Pair Corralation between Citigroup and Prudential Health

Taking into account the 90-day investment horizon Citigroup is expected to generate 1.45 times more return on investment than Prudential Health. However, Citigroup is 1.45 times more volatile than Prudential Health Sciences. It trades about 0.07 of its potential returns per unit of risk. Prudential Health Sciences is currently generating about 0.01 per unit of risk. If you would invest  4,381  in Citigroup on September 28, 2024 and sell it today you would earn a total of  2,694  from holding Citigroup or generate 61.5% return on investment over 90 days.
Time Period3 Months [change]
DirectionMoves Against 
StrengthVery Weak
Accuracy100.0%
ValuesDaily Returns

Citigroup  vs.  Prudential Health Sciences

 Performance 
       Timeline  
Citigroup 

Risk-Adjusted Performance

9 of 100

 
Weak
 
Strong
OK
Compared to the overall equity markets, risk-adjusted returns on investments in Citigroup are ranked lower than 9 (%) of all global equities and portfolios over the last 90 days. In spite of rather uncertain fundamental indicators, Citigroup exhibited solid returns over the last few months and may actually be approaching a breakup point.
Prudential Health 

Risk-Adjusted Performance

0 of 100

 
Weak
 
Strong
Very Weak
Over the last 90 days Prudential Health Sciences has generated negative risk-adjusted returns adding no value to fund investors.

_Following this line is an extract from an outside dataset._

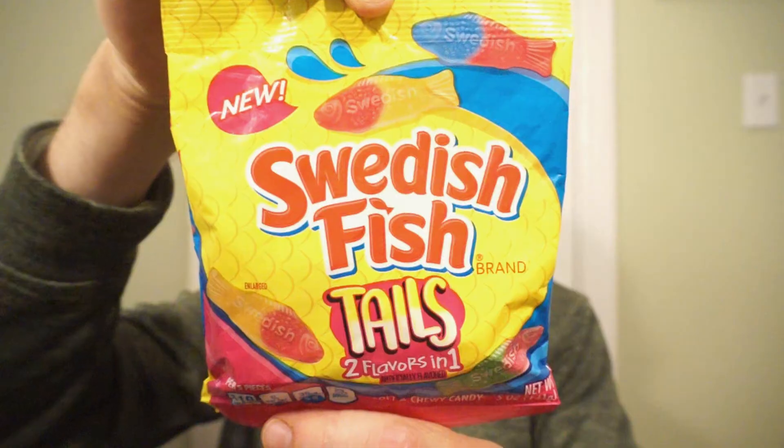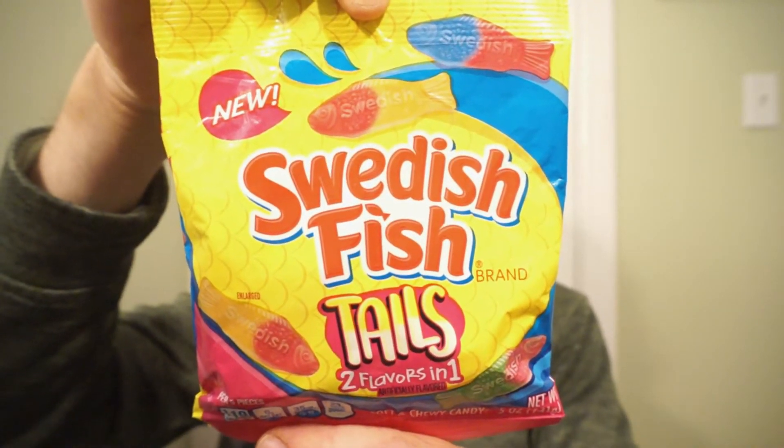We're back with another round of reviews. Do you have a pair of twos? Go fish! It's new Swedish Fish Tails. Two flavors in one! Classic Swedish Fish is now packing two flavors in one.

In spite of weak performance in the last few months, the Fund's basic indicators remain fairly strong which may send shares a bit higher in January 2025. The current disturbance may also be a sign of long term up-swing for the fund investors.

Citigroup and Prudential Health Volatility Contrast

   Predicted Return Density   
       Returns  

Pair Trading with Citigroup and Prudential Health

The main advantage of trading using opposite Citigroup and Prudential Health positions is that it hedges away some unsystematic risk. Because of two separate transactions, even if Citigroup position performs unexpectedly, Prudential Health can make up some of the losses. Pair trading also minimizes risk from directional movements in the market. For example, if an entire industry or sector drops because of unexpected headlines, the short position in Prudential Health will offset losses from the drop in Prudential Health's long position.
The idea behind Citigroup and Prudential Health Sciences pairs trading is to make the combined position market-neutral, meaning the overall market's direction will not affect its win or loss (or potential downside or upside). This can be achieved by designing a pairs trade with two highly correlated stocks or equities that operate in a similar space or sector, making it possible to obtain profits through simple and relatively low-risk investment.
Check out your portfolio center.
Note that this page's information should be used as a complementary analysis to find the right mix of equity instruments to add to your existing portfolios or create a brand new portfolio. You can also try the Portfolio Center module to all portfolio management and optimization tools to improve performance of your portfolios.